### What the task requires
Give back exactly the lines of the entries below from the line with "Mercedes-Benz GLA 250 e AMG Line - 2" to the line with "Blackbeauty001's BongaCams show and profile", inclusive, and only those.

### Source data
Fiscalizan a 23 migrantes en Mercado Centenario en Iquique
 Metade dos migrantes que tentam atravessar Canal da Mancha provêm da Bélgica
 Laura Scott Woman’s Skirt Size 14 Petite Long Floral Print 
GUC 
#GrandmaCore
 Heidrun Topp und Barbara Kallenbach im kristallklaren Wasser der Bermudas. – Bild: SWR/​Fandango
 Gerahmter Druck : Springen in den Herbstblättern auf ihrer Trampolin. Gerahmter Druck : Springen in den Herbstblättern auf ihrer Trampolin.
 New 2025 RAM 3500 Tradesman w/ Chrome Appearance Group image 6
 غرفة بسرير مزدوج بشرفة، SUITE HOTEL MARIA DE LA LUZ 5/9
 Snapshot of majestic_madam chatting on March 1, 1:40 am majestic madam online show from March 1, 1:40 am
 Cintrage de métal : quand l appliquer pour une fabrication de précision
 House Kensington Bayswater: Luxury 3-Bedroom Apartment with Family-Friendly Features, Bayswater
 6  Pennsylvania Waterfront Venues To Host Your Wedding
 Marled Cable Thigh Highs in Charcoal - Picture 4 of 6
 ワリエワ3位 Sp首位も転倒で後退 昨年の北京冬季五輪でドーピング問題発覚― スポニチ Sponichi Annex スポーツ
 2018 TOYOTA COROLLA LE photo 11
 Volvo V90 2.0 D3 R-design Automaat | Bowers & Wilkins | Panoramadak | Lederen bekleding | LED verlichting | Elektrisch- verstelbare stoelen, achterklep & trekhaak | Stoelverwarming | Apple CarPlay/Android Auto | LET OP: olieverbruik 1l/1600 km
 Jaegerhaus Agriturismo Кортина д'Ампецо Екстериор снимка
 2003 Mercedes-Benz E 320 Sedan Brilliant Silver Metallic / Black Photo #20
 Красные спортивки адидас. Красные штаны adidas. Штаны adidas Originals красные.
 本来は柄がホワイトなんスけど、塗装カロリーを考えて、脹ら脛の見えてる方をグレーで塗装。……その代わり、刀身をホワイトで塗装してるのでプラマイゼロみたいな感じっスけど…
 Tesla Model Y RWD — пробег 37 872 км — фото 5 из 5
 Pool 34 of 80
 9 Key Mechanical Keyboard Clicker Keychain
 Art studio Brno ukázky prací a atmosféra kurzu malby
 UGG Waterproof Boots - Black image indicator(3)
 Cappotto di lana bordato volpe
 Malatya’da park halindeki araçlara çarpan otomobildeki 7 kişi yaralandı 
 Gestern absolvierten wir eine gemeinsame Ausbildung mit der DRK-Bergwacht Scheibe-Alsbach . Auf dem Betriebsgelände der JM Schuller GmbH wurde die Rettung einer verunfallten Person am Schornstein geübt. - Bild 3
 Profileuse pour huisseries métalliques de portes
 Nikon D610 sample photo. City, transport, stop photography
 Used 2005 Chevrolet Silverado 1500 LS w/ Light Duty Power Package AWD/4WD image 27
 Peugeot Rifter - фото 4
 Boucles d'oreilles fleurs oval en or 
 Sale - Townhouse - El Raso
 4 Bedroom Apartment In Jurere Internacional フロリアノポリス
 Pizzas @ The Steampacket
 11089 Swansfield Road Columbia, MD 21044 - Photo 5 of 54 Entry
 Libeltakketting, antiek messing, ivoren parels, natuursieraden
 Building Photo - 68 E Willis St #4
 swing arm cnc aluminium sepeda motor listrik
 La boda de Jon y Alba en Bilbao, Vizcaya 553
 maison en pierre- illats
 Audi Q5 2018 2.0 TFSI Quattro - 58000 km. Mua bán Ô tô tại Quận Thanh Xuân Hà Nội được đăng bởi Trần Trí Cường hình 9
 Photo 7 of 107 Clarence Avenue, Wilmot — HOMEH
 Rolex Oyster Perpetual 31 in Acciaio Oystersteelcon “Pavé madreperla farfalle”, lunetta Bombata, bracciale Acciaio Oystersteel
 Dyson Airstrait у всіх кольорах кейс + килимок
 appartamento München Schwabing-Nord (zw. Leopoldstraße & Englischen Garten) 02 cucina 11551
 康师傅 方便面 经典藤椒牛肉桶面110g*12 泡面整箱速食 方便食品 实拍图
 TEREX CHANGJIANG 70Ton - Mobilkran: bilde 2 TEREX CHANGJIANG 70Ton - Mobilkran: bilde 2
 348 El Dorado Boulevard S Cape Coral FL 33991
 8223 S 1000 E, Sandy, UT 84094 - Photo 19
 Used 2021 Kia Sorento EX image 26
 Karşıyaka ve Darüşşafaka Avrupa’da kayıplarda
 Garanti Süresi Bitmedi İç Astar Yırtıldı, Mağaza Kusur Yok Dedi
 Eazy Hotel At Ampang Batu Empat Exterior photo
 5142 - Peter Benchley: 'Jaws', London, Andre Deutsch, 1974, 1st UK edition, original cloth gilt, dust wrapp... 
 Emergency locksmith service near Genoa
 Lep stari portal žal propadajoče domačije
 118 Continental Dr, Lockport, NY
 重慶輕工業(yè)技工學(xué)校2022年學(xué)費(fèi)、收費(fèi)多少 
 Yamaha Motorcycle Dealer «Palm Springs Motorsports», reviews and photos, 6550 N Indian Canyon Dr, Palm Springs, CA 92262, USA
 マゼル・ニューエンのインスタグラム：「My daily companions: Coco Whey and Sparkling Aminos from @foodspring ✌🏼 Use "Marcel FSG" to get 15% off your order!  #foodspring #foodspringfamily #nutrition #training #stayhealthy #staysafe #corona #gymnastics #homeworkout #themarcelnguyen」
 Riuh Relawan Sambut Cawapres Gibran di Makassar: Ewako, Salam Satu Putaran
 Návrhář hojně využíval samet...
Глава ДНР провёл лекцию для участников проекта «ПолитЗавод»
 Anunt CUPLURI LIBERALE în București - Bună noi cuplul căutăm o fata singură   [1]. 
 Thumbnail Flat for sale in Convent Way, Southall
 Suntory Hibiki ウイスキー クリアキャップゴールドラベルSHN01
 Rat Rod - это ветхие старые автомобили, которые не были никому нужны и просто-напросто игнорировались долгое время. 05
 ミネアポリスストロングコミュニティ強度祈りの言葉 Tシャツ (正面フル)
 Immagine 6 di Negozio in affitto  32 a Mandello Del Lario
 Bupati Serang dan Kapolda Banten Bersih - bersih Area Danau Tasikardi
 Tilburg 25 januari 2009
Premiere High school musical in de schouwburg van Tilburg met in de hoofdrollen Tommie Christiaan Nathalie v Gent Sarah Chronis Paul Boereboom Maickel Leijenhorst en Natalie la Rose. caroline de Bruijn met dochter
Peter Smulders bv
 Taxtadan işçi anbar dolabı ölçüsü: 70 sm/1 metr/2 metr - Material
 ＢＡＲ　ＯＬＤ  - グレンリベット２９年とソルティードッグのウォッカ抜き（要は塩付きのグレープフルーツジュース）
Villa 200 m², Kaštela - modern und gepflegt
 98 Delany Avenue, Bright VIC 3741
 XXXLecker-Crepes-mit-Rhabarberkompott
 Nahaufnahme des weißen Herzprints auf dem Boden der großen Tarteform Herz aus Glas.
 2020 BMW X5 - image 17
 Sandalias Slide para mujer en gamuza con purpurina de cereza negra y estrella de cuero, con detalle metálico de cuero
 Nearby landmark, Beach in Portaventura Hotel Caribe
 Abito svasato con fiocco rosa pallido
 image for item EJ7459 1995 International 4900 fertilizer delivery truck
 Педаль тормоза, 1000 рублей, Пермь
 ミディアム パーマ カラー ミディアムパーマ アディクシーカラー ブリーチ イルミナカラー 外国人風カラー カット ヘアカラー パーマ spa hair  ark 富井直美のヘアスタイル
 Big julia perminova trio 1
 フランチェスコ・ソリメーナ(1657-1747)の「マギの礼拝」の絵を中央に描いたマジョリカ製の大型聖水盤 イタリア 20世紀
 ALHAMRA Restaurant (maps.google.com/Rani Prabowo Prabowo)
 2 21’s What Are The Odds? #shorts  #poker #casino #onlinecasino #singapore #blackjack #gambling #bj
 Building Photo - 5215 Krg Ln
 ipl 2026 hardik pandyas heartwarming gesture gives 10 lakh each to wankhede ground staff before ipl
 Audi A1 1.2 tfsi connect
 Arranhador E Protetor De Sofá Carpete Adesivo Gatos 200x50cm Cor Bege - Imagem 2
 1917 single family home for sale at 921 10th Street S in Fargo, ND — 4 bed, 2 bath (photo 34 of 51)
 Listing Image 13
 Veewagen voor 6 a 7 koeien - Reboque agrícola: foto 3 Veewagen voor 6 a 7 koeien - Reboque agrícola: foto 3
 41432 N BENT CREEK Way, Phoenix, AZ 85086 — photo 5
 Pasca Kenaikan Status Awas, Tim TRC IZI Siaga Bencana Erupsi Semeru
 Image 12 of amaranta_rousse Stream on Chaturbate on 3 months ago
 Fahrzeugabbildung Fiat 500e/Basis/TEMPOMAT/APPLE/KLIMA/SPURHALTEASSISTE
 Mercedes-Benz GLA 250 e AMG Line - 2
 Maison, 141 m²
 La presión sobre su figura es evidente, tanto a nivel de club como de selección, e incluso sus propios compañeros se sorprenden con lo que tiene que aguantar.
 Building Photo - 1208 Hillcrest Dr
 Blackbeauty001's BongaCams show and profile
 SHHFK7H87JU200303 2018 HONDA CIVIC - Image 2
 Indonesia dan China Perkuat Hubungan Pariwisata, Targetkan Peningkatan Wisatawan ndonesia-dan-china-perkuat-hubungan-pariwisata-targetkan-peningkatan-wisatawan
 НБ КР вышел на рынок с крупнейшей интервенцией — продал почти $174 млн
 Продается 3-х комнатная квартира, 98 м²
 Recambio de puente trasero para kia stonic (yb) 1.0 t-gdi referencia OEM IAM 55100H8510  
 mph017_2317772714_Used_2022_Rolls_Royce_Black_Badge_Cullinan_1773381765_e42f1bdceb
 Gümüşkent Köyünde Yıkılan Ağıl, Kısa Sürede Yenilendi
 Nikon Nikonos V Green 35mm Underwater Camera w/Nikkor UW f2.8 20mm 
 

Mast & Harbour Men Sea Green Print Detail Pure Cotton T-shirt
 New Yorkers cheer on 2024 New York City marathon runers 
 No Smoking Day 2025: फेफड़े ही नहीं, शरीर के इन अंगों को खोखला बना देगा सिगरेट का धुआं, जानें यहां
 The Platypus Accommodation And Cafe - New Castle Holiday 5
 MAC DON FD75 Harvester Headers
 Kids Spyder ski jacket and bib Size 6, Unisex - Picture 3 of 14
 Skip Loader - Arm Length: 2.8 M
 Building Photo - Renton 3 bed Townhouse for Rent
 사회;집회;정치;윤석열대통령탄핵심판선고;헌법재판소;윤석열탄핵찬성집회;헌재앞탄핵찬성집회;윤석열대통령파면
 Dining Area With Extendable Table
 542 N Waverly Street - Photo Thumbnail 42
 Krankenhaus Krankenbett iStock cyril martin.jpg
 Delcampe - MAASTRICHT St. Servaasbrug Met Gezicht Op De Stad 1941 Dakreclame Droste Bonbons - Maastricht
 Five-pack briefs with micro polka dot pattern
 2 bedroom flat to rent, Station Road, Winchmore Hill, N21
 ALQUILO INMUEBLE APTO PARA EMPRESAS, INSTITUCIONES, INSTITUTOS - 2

### Task output
 Mercedes-Benz GLA 250 e AMG Line - 2
 Maison, 141 m²
 La presión sobre su figura es evidente, tanto a nivel de club como de selección, e incluso sus propios compañeros se sorprenden con lo que tiene que aguantar.
 Building Photo - 1208 Hillcrest Dr
 Blackbeauty001's BongaCams show and profile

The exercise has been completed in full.